I was going to continue my piece on Franka, but real life and so intervened.
In the beginning of this year, Tibet passed away, so instead of continuing Franka (though I do want to write a bit about that series at one point or another again), I do a bit on one of his series. Tibet was the writer/artist of Chick Bill, a series I enjoyed a lot over the years, though it had its' ups and downs.
Tibet was born as Gilbert Gascard in France in 1931, but moved to Belgium, where he lived for most of his life. Most of his work appeared in TinTin Magazine and Herge's style is a clear influence on him (moreso on Chick Bill than on Ric Hochet, his other series, where he went for a slightly more realistic style. My experience with Ric Hochet is close to nill though, so I don't have a lot to tell about that.) Look at the pictures below to see the way his art changed over the year.
Tibet's first issue of Chick Bill was published in 1954, the last issue (#70) in 2010. From issue 11 onwards, writing was usually handled by Greg (I mentioned him in the bit on Spirou, right?) or André-Paul Duchâteau, though Tibet still wrote an issue himself from time to time and Goscinny wrote a single issue.
OK, enough stats, time for some pictures and story:
In the first issue, Chick Bill Contre Invisible, all the characters are drawn as animal. Chick Bill, the titular hero is represented as a chipmunk, while the rest of the main cast all were different animals: young Native American Little Poodle (take a guess), sheriff Dog Bull (take another guess) and his deputy Kid Ordinn (a pig)
The title basically sums up the plot: the story is a lighthearted "battle" between the young, but heroic Chick Bill and an invisible criminal. The animals and fantastic elements like invisibility would be quickly forgotten, the characters became human (no plot wasted on that change thankfully), Chick Bill became a bit older, now clearly an adult, and the story became more serious (though it still is a LOT closer to Lucky Luke than Blueberry):
From issue 11 onwards Greg would take over the writing on most issues and it would move back towards comedy (though not always) and the focus of the series moved from Chick Bill to the relationship between Dog Bull and Kid Ordinn. (The backup stories were even clearly labelled as stories starring Kid Ordinn).

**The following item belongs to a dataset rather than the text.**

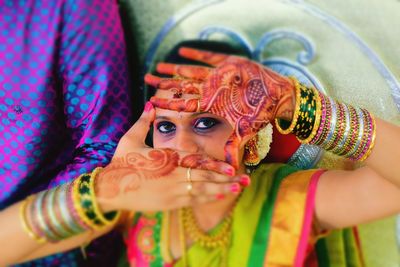 Close-up of young woman wearing mehndi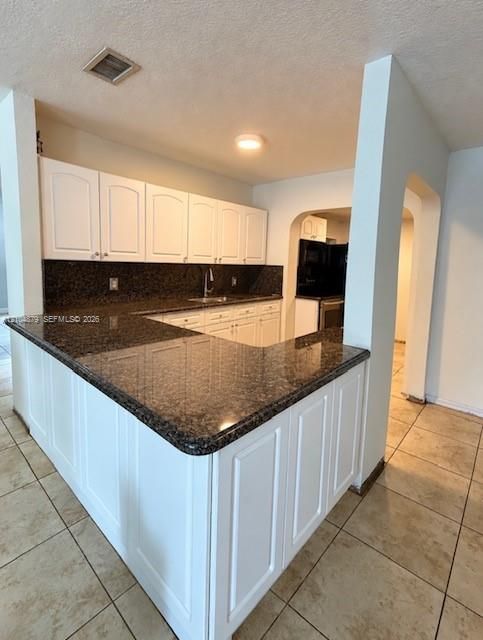 Kitchen featuring white shaker-style cabinetry, dark speckled countertops, a double-basin sink with a chrome faucet, and tile flooring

As a character Chick Bill was not that interesting: he is a amazing marksman, he's honest, loyal, brave etc. So basically your standard hero. Little Poodle, portrayed as still a kid, but also basically perfect, was also not that interesting as a hero. So the duo of Chick Bill and Little Poodle bascially became the straight guys in the stories.
Dog Bull, sheriff of Wood City (a small town in Arizona), has a whole string of bad character habits: he's domineering, greedy, occassionally jealous, often a bully, always has a temper and is not above manipulating others to further his own glory. The one thing that keeps him from being an actual villain is a sentence in the short character descriptions at the begin of most of the stories: Chick Bill has "brave and honest", Little Poodle "alert and cunning", Kid Ordinn has "incredibly gluttonous", but Dog Bull has a simple, but short line that sums up the character perfectly: "ignorant rather than evil". These bad traits are toned down considerably when the story is more serious by the way.
Kid Ordinn is a perfect counterpart to him: infantile, lazy, not very clever and as said, very gluttonous. Also completely loyal to the sheriff who is the closest thing to a father he has (and in turn Dog Bull from time to time shows that he cares deeply for Kid, who he is like a son to him). There are several stories that hint at hidden depths though, probably the best among them is Montana Kid (no relation to the Charlton Comic of the same name), though at least that time there was an obvious cause for his very different behaviour: brain damage.
The rest of the recurring characters are the people of Wood City, where most stories are set. There is a short period where the main cast moves to a small town in Montana though (Dog Bull asks for a transfer when Wood City is hit by an extreme heatwave). These issues are probably my favourite in the whole series; Dog Bull is less a charicature and Chick Bill has a bit more to do in the actual plot.
Around issue 55 or so, Tibet returns as a writer (perhaps something to do with Greg's health at that time, but I'm not sure). I don't think these final stories are very good (a few try to tackle some serious subjects like racism and it's not really working).